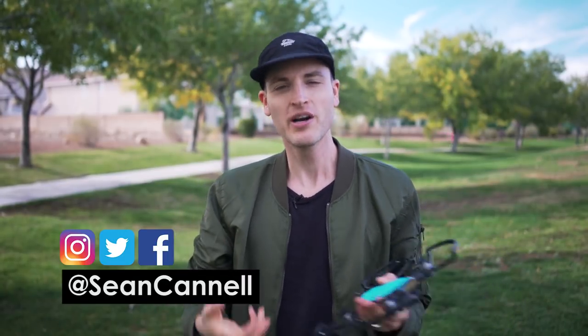Hey, what's up — Sean here with Think Media, bringing you the best tips and tools for building your influence with online video. On this channel, we do a lot of tips and strategy videos as well as gear review tip videos just like this one. So if you're new here, consider subscribing.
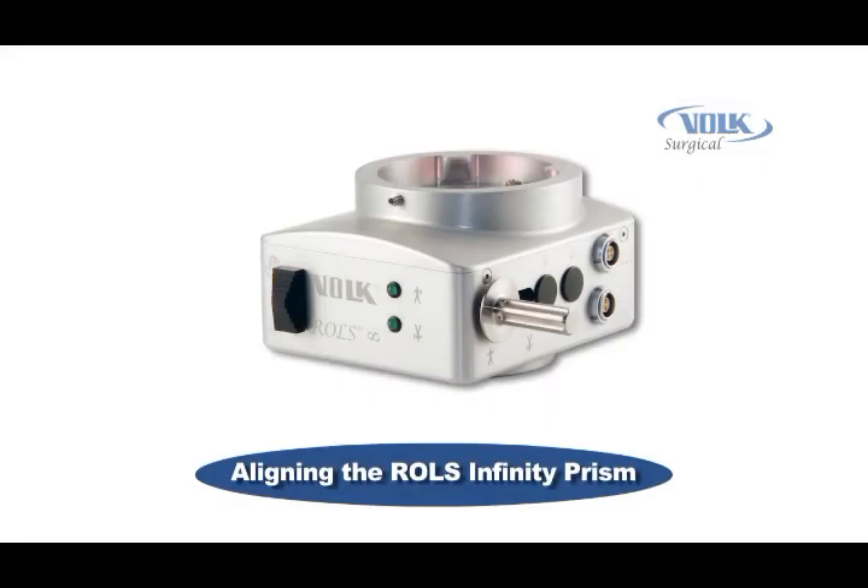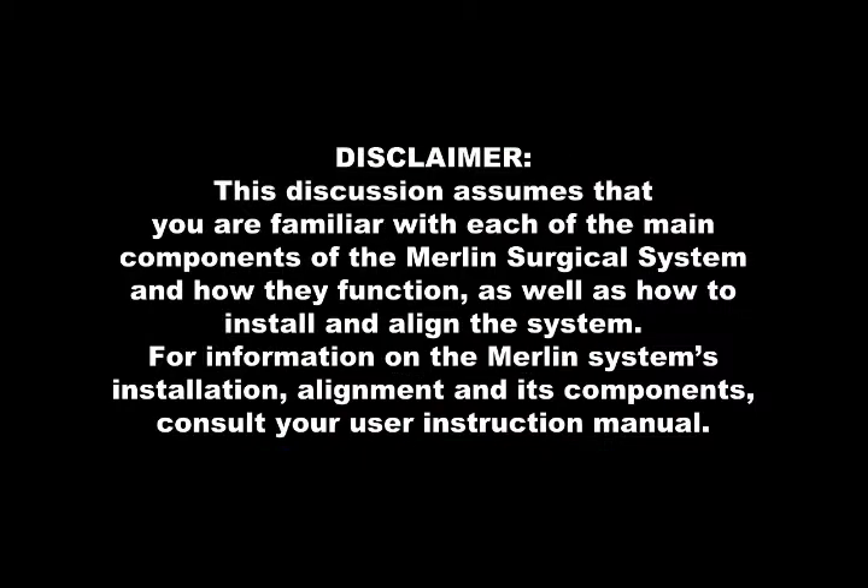Some models of the Rolls Infinity reinverter are designed so that the prism may be adjusted to optically align the reinverter with the microscope. This video section discusses how to align the prism for that model of Rolls Infinity reinverter, and pertains only to those reinverter models that have this adjustment capability. This discussion assumes that you are familiar with each of the main components of the Merlin Surgical System and how they function, as well as how to install and align the system.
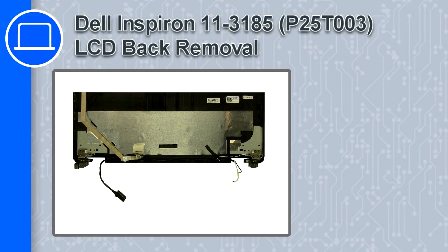What's up, this is Ricardo and in this video I'll show you how to remove the LCD back from a Dell Inspiron 11 version 3185.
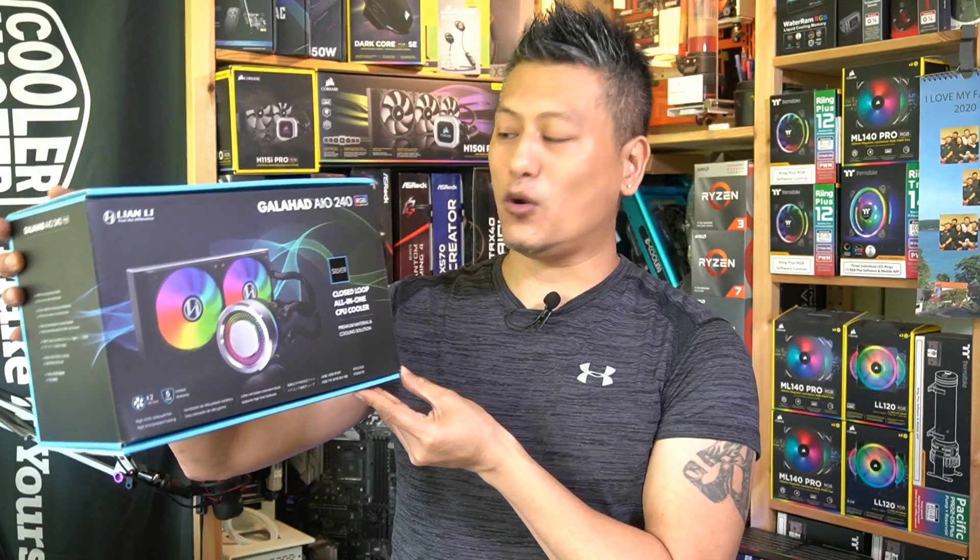Hey, what's up guys, Winston here. Today we'll be doing a quick unboxing of the Lian Li Galahad AIO 240 RGB all-in-one cooler.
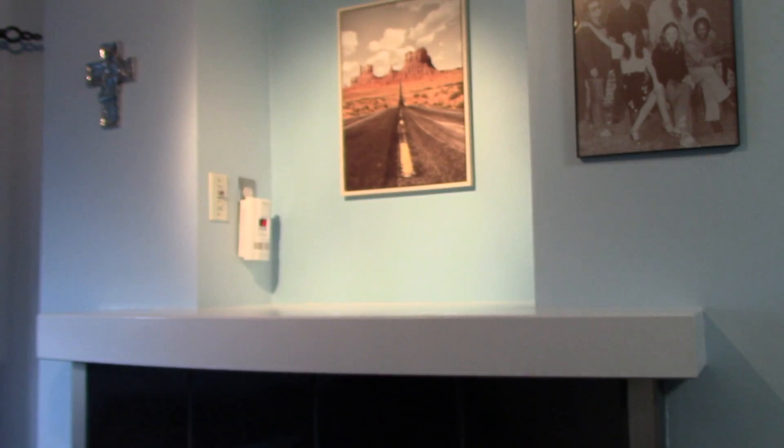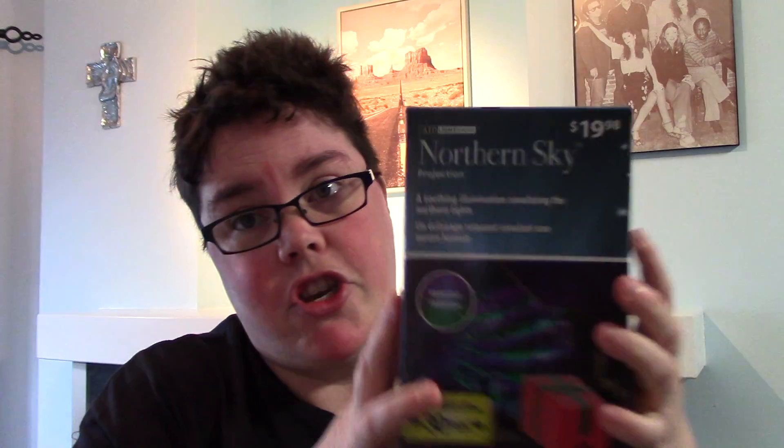I do have a Rubbermaid full of Christmas decorations that I've used in previous years. I do have three different types of lights — I have these two and then I have these ones. I also have this which represents the northern lights that you put outside, and you can shine it against your house, your roof, or your deck.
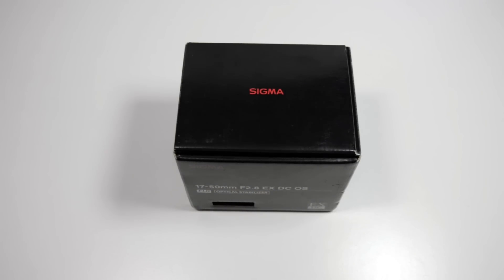Hi, my name is Matt Widgery from mattwidgery.com. In today's episode we're going to be doing the unboxing of the Sigma 17-50 f/2.8 EX DC OS.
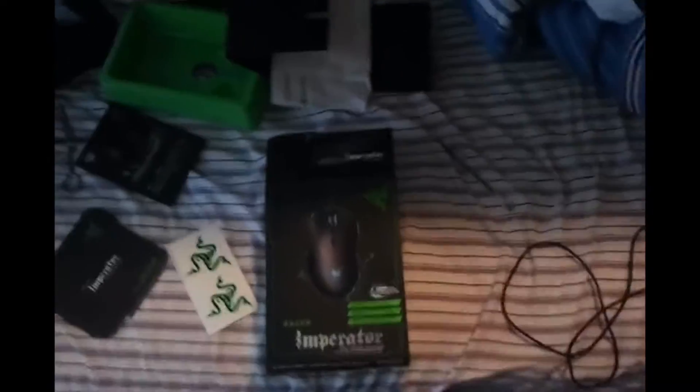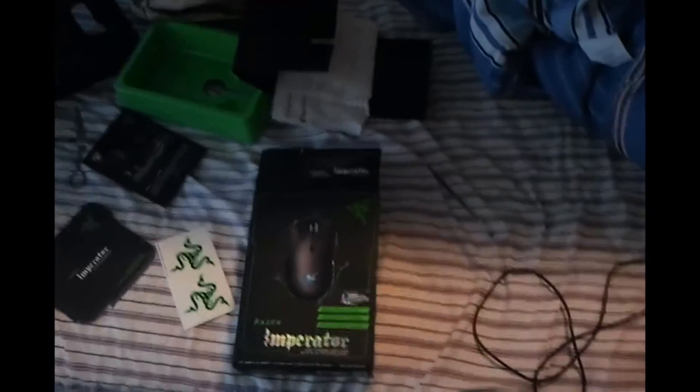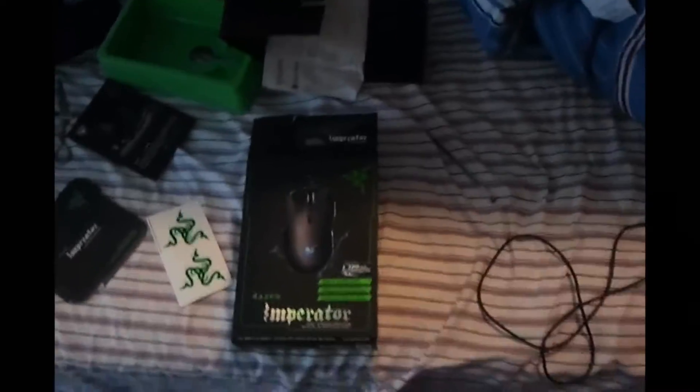What's up guys, I just got my new mouse in the mail and I thought I might show you it along with my setup. My setup really isn't anything special because I really don't need anything special. So, mouse box — just opened it.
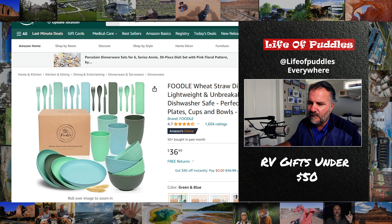These plates are not ceramic — they're wheat straw, made out of wheat straw. They're dishwasher safe, the whole nine yards. The key to these plates is they don't rattle around when you're driving your RV down the road, and they're like $36. So if you lose one here or there, it's not going to kill you. I have these plates, I really like them a lot — they're indestructible. Great for RVing.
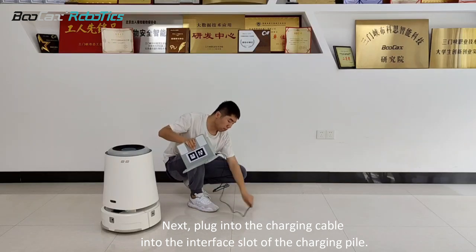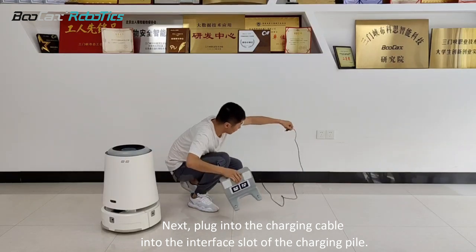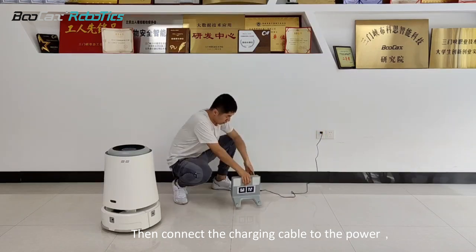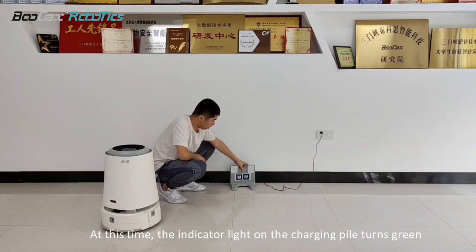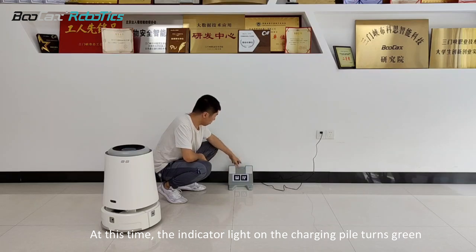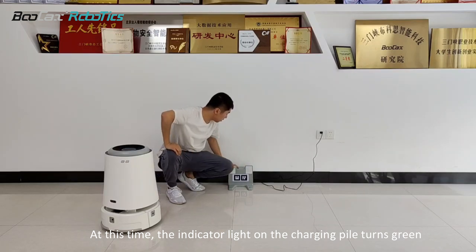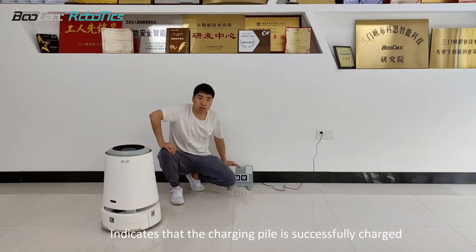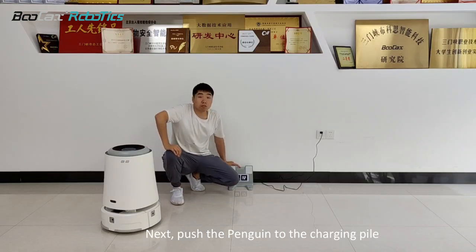Next, plug the charging cable into the interface slot of the charging pile, then connect the charging cable to the power. At this time, the indicator light on the charging pile turns green, indicating that the charging pile is successfully charged.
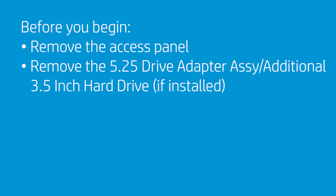To remove the optical drive, first remove the access panel. If a 5¼-inch drive adapter assembly for an additional 3½-inch drive is installed, remove the main bezel and the 5¼-inch drive adapter assembly as well.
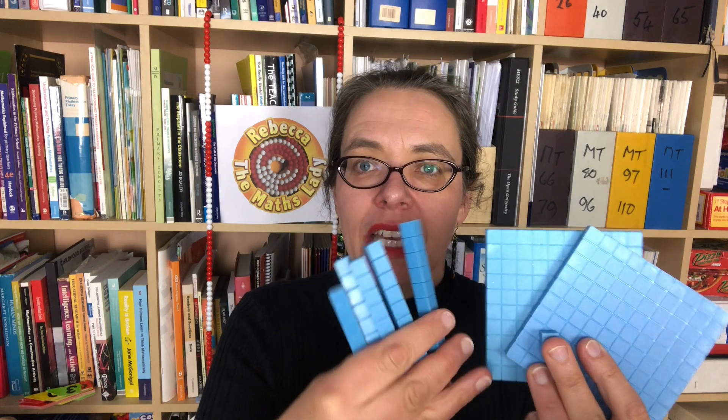Step 2: if you show them a number, can they easily and quickly tell you how many blocks there are? Here, there are 251 blocks. Step 3: if you show them a number, can they show you the blocks or the squares for that number?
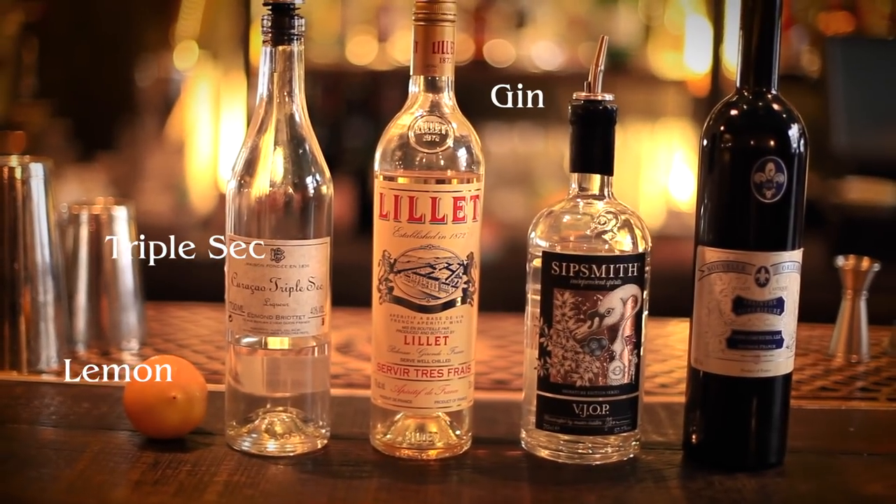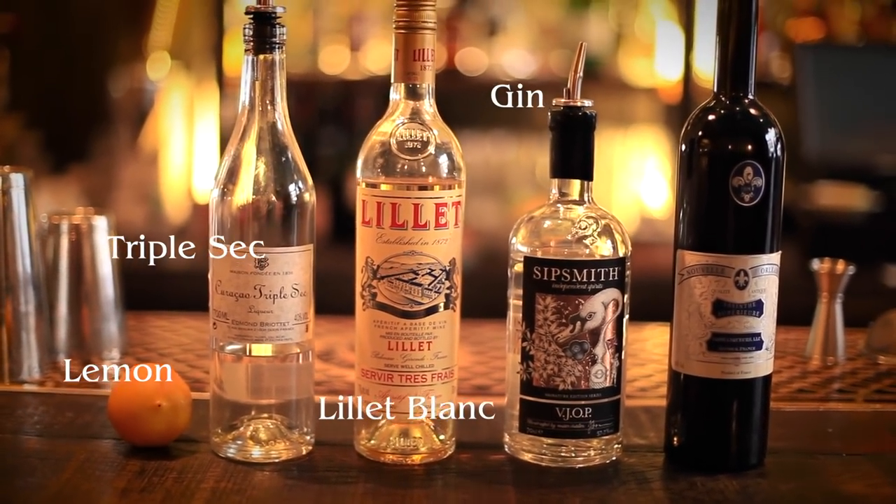Another favourite of mine is the Corpse Reviver No. 2, so very similar ingredients to the White Lady, except this time we're going to leave out the egg white and we're going to add a bit of Lillet Blanc and a dash of absinthe.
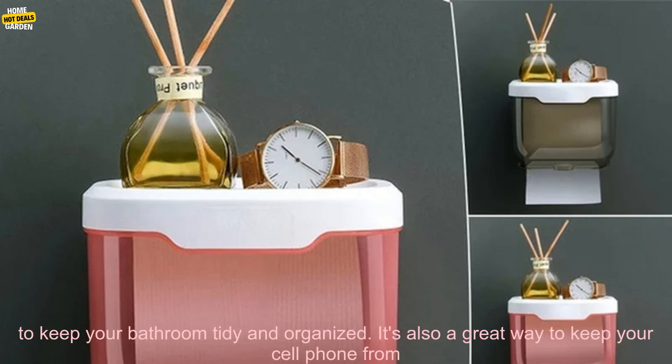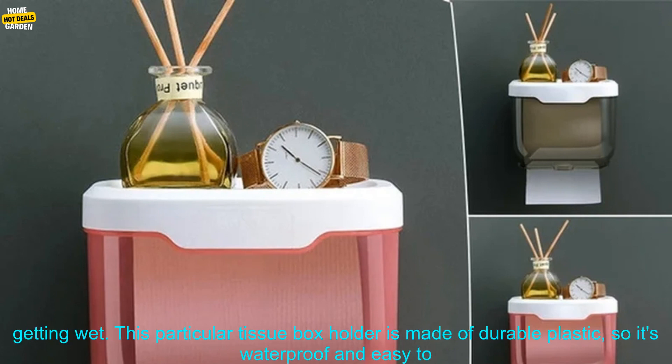A Punch-Free Waterproof Tissue Box Paper Holder is a great way to keep your bathroom tidy and organized. It's also a great way to keep your cell phone from getting wet.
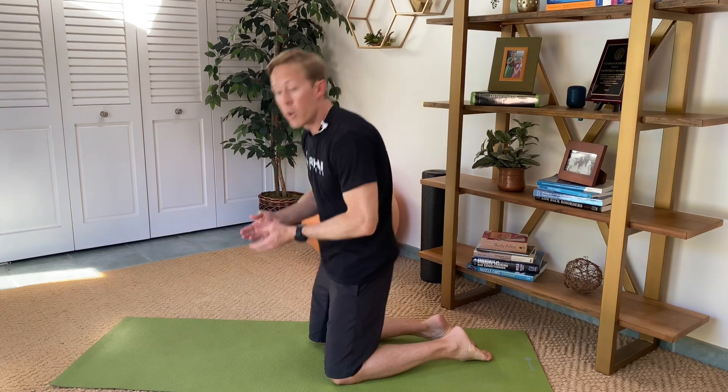With stenosis, people will have symptoms when they're upright and standing. When we stand, it causes extension in the low back, which creates less room for the nerve root. So if you notice when you're standing you start having nerve pain down one or two legs, and it goes away when you bend forward, those can be signs that your symptoms are related to stenosis. We want to use exercises that create flexion in the low back, which takes stress off the nerve, allows blood flow, and helps it heal. I'm going to show two exercises commonly prescribed in physical therapy that you can use throughout the day to give the nerve a break and calm your symptoms.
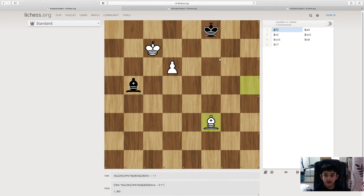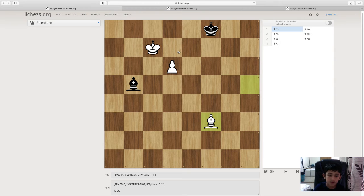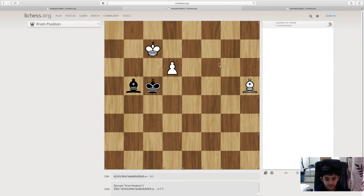You may be asking: how can black draw this? I'll give you a few seconds — feel free to pause the video. The king needs to be on c5. Because if we go for the interference, when we go for bishop c6, he can just take and it will be a draw. So the king has to be there.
__________
**The problem:** Set down again, word for word, every line from the one with "These plates are" to the one with "With stenosis, people" in the entries above, and omit the pictures.

**Result of the exercise:**
These plates are not ceramic — they're wheat straw, made out of wheat straw. They're dishwasher safe, the whole nine yards. The key to these plates is they don't rattle around when you're driving your RV down the road, and they're like $36. So if you lose one here or there, it's not going to kill you. I have these plates, I really like them a lot — they're indestructible. Great for RVing.
Next, plug the charging cable into the interface slot of the charging pile, then connect the charging cable to the power. At this time, the indicator light on the charging pile turns green, indicating that the charging pile is successfully charged.
To remove the optical drive, first remove the access panel. If a 5¼-inch drive adapter assembly for an additional 3½-inch drive is installed, remove the main bezel and the 5¼-inch drive adapter assembly as well.
Step 2: if you show them a number, can they easily and quickly tell you how many blocks there are? Here, there are 251 blocks. Step 3: if you show them a number, can they show you the blocks or the squares for that number?
Another favourite of mine is the Corpse Reviver No. 2, so very similar ingredients to the White Lady, except this time we're going to leave out the egg white and we're going to add a bit of Lillet Blanc and a dash of absinthe.
A Punch-Free Waterproof Tissue Box Paper Holder is a great way to keep your bathroom tidy and organized. It's also a great way to keep your cell phone from getting wet.
With stenosis, people will have symptoms when they're upright and standing. When we stand, it causes extension in the low back, which creates less room for the nerve root. So if you notice when you're standing you start having nerve pain down one or two legs, and it goes away when you bend forward, those can be signs that your symptoms are related to stenosis. We want to use exercises that create flexion in the low back, which takes stress off the nerve, allows blood flow, and helps it heal. I'm going to show two exercises commonly prescribed in physical therapy that you can use throughout the day to give the nerve a break and calm your symptoms.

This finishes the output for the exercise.